Brittany Clem-Hott, Harrisonburg Public Works outreach and communications specialist, said she hopes the city will continue to celebrate Pollinator Month in the future to emphasize the pollinators’ importance and what people can do to help bees, butterflies, bats and even spiders. 

“We definitely want to build upon this year and continue our current partnerships and also bring in new ones in the following years,” she said.  

Jeremy Harold, the greenspace manager for Harrisonburg Public Works, has been heavily involved both in Pollinator Month and the city’s 10-year plan. Harold said one of the plan’s tenets is to take areas that were traditionally landscaped, such as mostly grassy spaces with a few plants, and convert them into areas with lots of perennial plants, which are beneficial to pollinators. 

“The whole idea is to have plants in your yard and space [so] when pollinators travel through your yard and Harrisonburg, they have a place to stop and rest and get nectar and pollen,” Harold said. 

He added that these spaces are especially important now, as pollinators have experienced habitat loss and have fewer places to find nectar. 

Multiple spaces in Harrisonburg have been converted into perennial-filled, pollinator-friendly spaces over the past five years. Liberty Park now features purple cornflowers and milkweed, both of which can be found hosting bees and butterflies. Nearby the park next to Matchbox Realty, a formerly grassy area is now covered in perennials. 

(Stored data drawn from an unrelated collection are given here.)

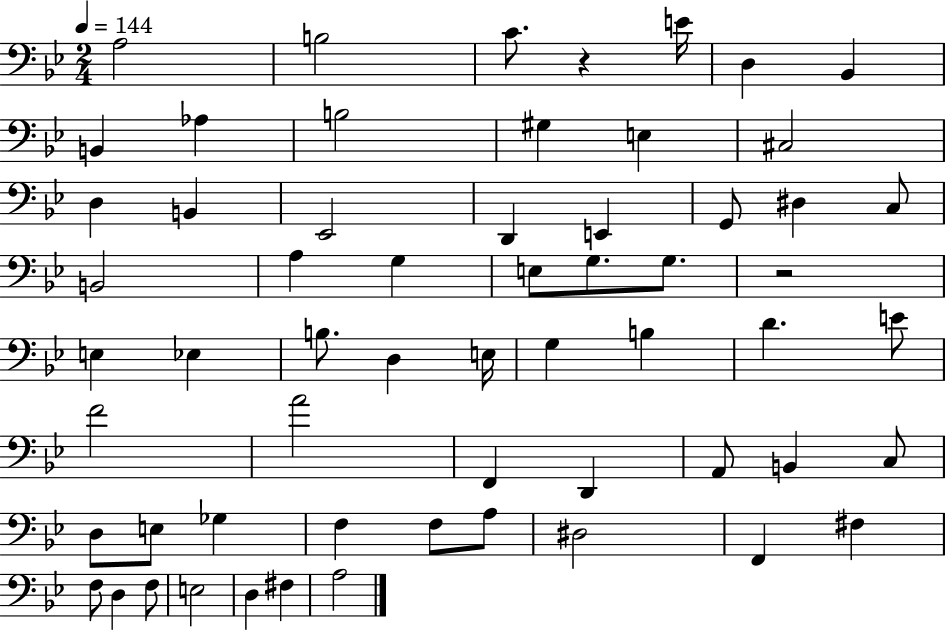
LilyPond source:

{
  \clef bass
  \numericTimeSignature
  \time 2/4
  \key bes \major
  \tempo 4 = 144
  a2 | b2 | c'8. r4 e'16 | d4 bes,4 | \break b,4 aes4 | b2 | gis4 e4 | cis2 | \break d4 b,4 | ees,2 | d,4 e,4 | g,8 dis4 c8 | \break b,2 | a4 g4 | e8 g8. g8. | r2 | \break e4 ees4 | b8. d4 e16 | g4 b4 | d'4. e'8 | \break f'2 | a'2 | f,4 d,4 | a,8 b,4 c8 | \break d8 e8 ges4 | f4 f8 a8 | dis2 | f,4 fis4 | \break f8 d4 f8 | e2 | d4 fis4 | a2 | \break \bar "|."
}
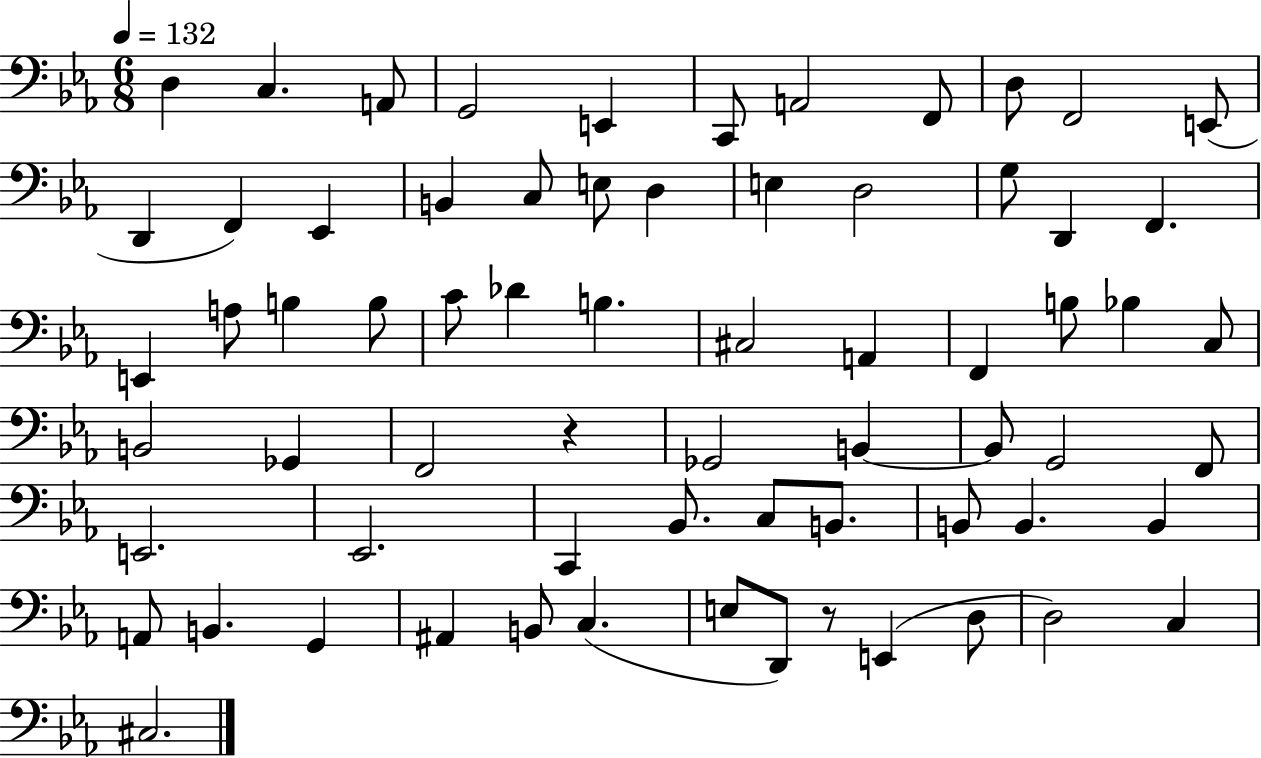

Harold said the city is also converting grass medians on roads into perennial gardens, essentially giving pollinators a “highway” of their own for when they migrate through the city. 

Mike Hott, the owner of Hott Apiary, said that by creating pollinator-friendly spaces, individuals can help their local ecosystems. Pollinators, he pointed out, are crucial to many aspects of our day-to-day lives, not just honey. 

He said bringing awareness to pollinators educates people on why planting pollinator-friendly plants is so crucial, especially in the Shenandoah Valley that hosts numerous species of bees, bats, butterflies and other pollinators. 

“People go to the grocery store to get something like vegetables, and they assume it’ll always be there,” Hott said. “But what a lot of people don’t know is that without pollinators, things like apples, peaches, fruits, vegetables, they won’t be there.”